Friday, August 03, 2007

C' bridge historians : Chin Peng born in Perak

In their newly released 673-page book Forgotten Wars: The End of Britain's Asian Empre (London, Penguin/Allen Lane, 2007), two world-renowned historians of the Cambridge Unversity in the United Kingdom reaffirm the fact that " Chin Peng was born as Ong Boon Hua, in Sitiawan in Perak, where his parents ran a bicycle shop " (p.35). Christopher Bayly and Tim Harper specialise in the studies of the history of the British Empire in Asia.
Christopher Bayly is Vere Harmsworth Professor of Imperial and Naval History, Unversity of Cambridge, and a Fellow of St. Catharine's College, Cambridge. His book include Imperial Meridian, Indian Society and the Making of the British Empire (Cambridge, 1988) and The Birth of the Modern World, 1780 - 1914 (Oxford, Blackwell, 2004). In June 2005 Christopher Bayly won the Wolfson Prize for History for his 'distinguished contribution to historical writing'.
Tim Harper is a Senior Lecturer in History at the University of Cambridge and Fellow of Magdalene College, Cambridge. He is also the author of The End of Empire and the Making of Modern Malaya (Cambridge, 1999).
Christopher Bayly and Tim Harper jointly wrote the highly praised Forgotten Armies: The Fall of British Asia, 1941-1945 (London, Penguin, 2004) which is a prelude to Forgotten Wars : The End of Britain's Asian Empire (London, Penguin/Allen Lane, 2007).
In the process of researching and writing Forgotten Wars : The End of Britain's Asian Empire, Bayly and Harper consulted archival materials at the National Archives of Singapore, Institute of Southeast Asia Studies of Singapore, Arkib Negara Malaysia in Kuala Lumpur, Perpustakaan Universiti Malaya in Kuala Lumpur, Oriental and India Office Collection in the British Library, Centre of South Asian Studies of Cambridge, Cambridge University Library, Royal Commonwealth Society Library in the Cambridge University Library, Trinity College of Cambridge, Lindell Hart Centre at King's College in London, National Army Museum in London, School of Oriental and African Studies at the University of London, Southampton University Libary, Rhodes House Library at Oxford and Christ Church at Oxford.
In his popular memoirs Alias Chin Peng : My Side of History (Singapore, Media Masters, 2003), he reveals that he was born on October 21, 1924, " in an upstairs backroom of No.36, Jalan Kampong Koh, a two-storey shophouse in a long row of similar small business establishments the likes of which still dominate the southern Perak township of Sitiawan, some 50 miles southwest of Ipoh " (p.31), attended the Nan Hwa school in Sitiawan (p.33) and " the graves of my grandfather, parents and my brothers " are still located in a Chinese cemetery, " halfway between Sitiawan and Lumut ". (p.509)

1 Comments:

Blogger Unknown said...

Boon Hwa's father occasionally visited Penang on business and would drop into our shop.

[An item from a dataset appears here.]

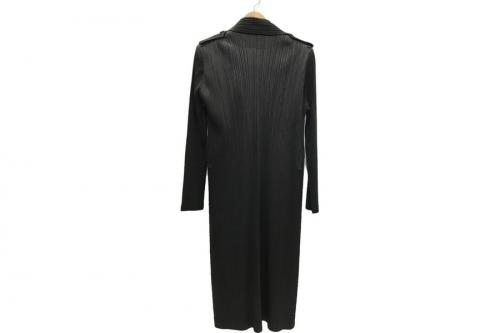 プリーツプリーズのプリーツトレンチコート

On a few occasions I met him and recall a genial man who was much respected in the Henghua community. But because of the political situation, few dared to get 'too close' to him. I met Boon Hwa's daughter in Penang in 2005 and almost got to meet her father in Bangkok, but other matters made me pass up the chance. I hope the Malaysian govt will let him visit his parents' graves to pay his respects. I sincerely believe he does not constitute any threat to stability.